If the hippocampal region isn’t required for procedural memory and priming, what parts of the brain are involved? Experiments have revealed that priming is associated with reduced activity in various regions of the cortex that are activated when people perform an unprimed task. For instance, when research participants are shown the word stem mot _______ or tab _______ and are asked to provide the first word that comes to mind, parts of the occipital lobe involved in visual processing and parts of the frontal lobe involved in word retrieval become active. But if people perform the same task after being primed by seeing motel and table, there’s less activity in these same regions (Buckner et al., 1995; Schott et al., 2005). Something similar happens when people see pictures of everyday objects on two different occasions. On the second exposure to a picture, there’s less activity in parts of the visual cortex that were activated by seeing the picture initially. Priming seems to make it easier for parts of the cortex that are involved in perceiving a word or object to identify the item after a recent exposure to it (Schacter, Dobbins, & Schnyer, 2004; Wiggs & Martin, 1998). This suggests that the brain saves a bit of processing time after priming (see FIGURE 6.13).

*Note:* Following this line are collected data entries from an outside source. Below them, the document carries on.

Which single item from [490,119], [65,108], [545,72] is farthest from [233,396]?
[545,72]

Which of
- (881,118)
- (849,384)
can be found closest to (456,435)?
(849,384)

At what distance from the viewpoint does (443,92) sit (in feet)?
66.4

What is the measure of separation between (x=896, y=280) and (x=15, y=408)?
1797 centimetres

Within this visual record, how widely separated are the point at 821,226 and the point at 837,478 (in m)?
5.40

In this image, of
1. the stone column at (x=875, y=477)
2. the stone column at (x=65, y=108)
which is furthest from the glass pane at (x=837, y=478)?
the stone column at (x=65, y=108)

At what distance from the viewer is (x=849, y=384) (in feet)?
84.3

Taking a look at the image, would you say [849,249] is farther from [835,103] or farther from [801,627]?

Figure 6.13: Primed and Unprimed Processing of Stimuli Priming is associated with reduced levels of activation in the cortex on a number of different tasks. In each pair of fMRIs, the images on the upper left (A, C) show brain regions in the frontal lobe (A) and occipital/temporal lobe (C) that are active during an unprimed task (in this case, providing a word response to a visual word cue). The images on the lower right within each pair (B, D) show reduced activity in the same regions during the primed version of the same task.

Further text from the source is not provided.